For the records below, please print exactly and only the lines from the one with "A halved avocado" down to the one with "Justalwart Women's Stretch", both ends included, omitting the pictures.

DATA SHOWN »
↓↓↓
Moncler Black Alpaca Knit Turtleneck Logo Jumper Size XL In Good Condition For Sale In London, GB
↑↑↑
↓↓↓
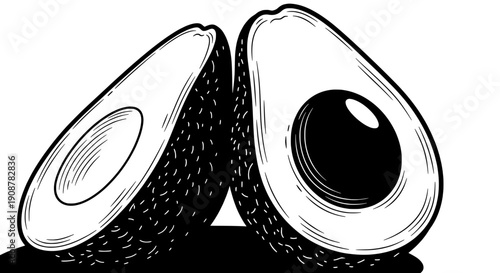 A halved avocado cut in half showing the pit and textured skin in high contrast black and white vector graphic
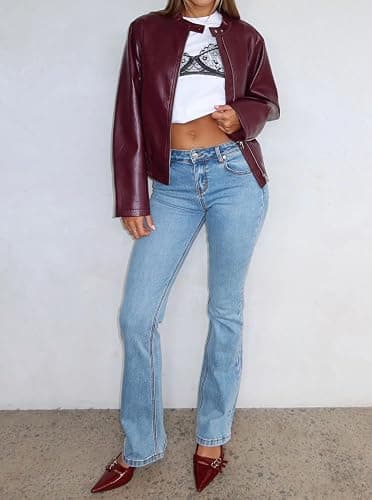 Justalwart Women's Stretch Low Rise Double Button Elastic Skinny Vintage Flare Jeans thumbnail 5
↑↑↑
↓↓↓
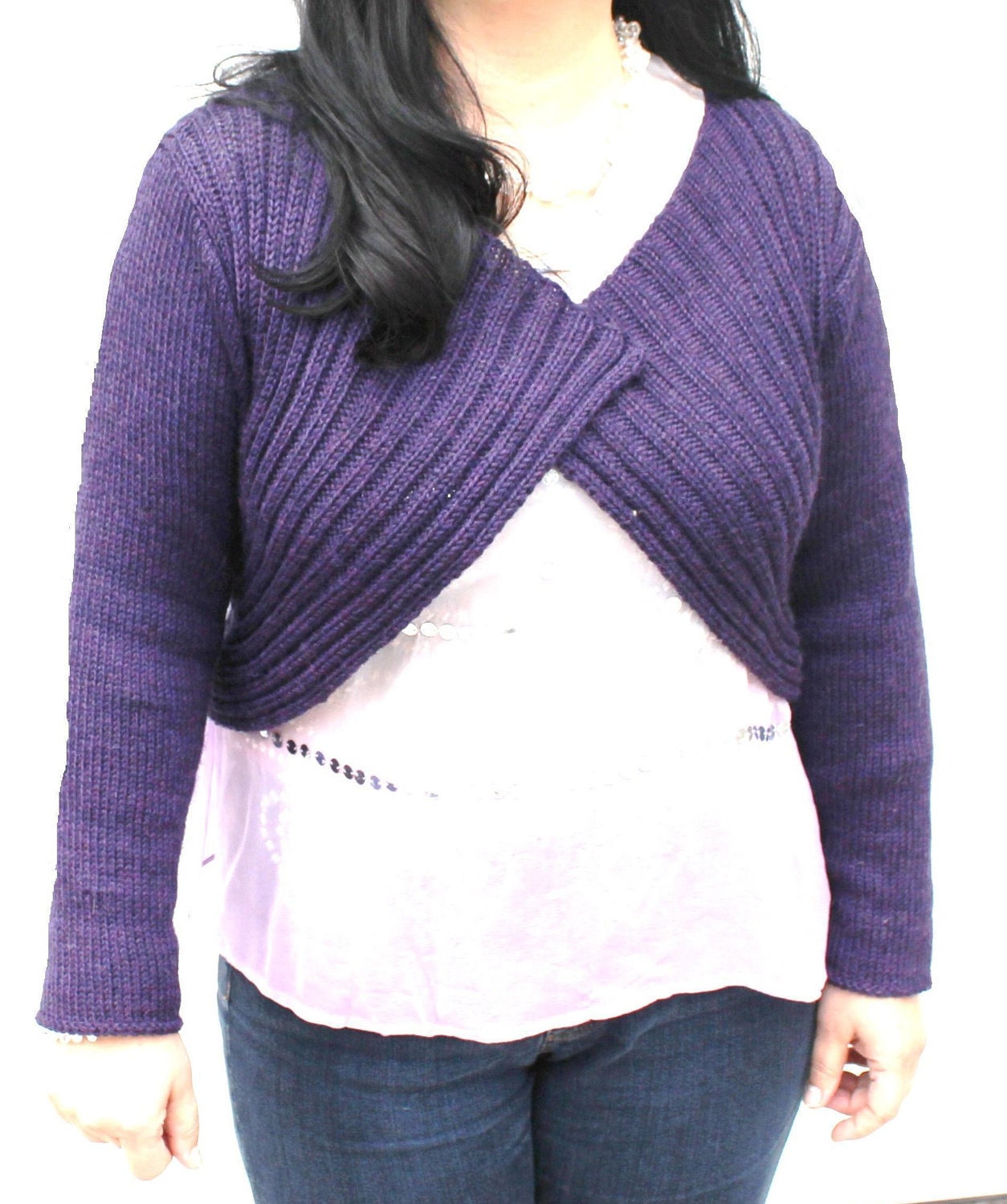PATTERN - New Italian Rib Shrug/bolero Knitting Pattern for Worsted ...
↑↑↑
PROBLEM SOLUTION »
 A halved avocado cut in half showing the pit and textured skin in high contrast black and white vector graphic
 Justalwart Women's Stretch Low Rise Double Button Elastic Skinny Vintage Flare Jeans thumbnail 5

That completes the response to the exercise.